**TASK GOAL:** With the pictures removed, retype the lines from the one holding "Ersatzglas SHYFT" through the end of the records, exactly as written.

**GIVEN RECORDS:**
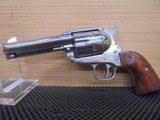 RUGER VAQUERO SS 44-40 WIN - 5 of 13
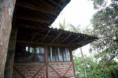 /album/fotogaleria/casa1-jpg/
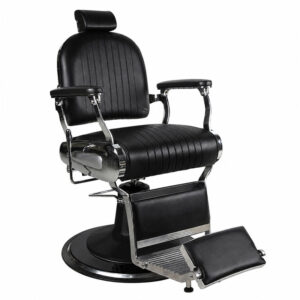 Πολυθρόνα barber Edgar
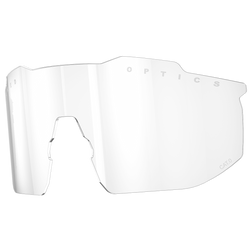 Ersatzglas SHYFT
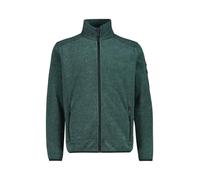 CMP MAN Jacket Alpine-Antracite Musk - 52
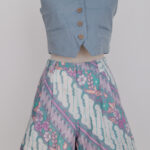betterthanblouses penang batik fashion product image 328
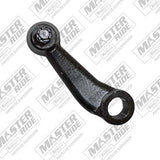 BRAZO PITMAN MASTER RIDE FORD LTD  77-78 part:  MRK-8257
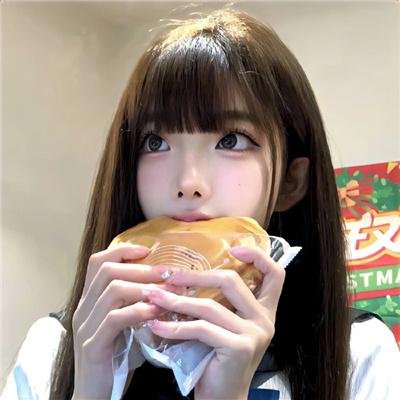 吉尔达
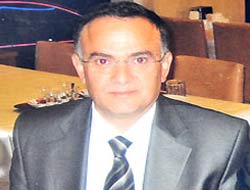Kırandi'yi Kaybettik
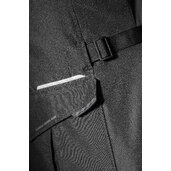 IXON - Bunda Balder / black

**WRITTEN ANSWER:**
 Ersatzglas SHYFT
 CMP MAN Jacket Alpine-Antracite Musk - 52
betterthanblouses penang batik fashion product image 328
 BRAZO PITMAN MASTER RIDE FORD LTD  77-78 part:  MRK-8257
 吉尔达
Kırandi'yi Kaybettik
 IXON - Bunda Balder / black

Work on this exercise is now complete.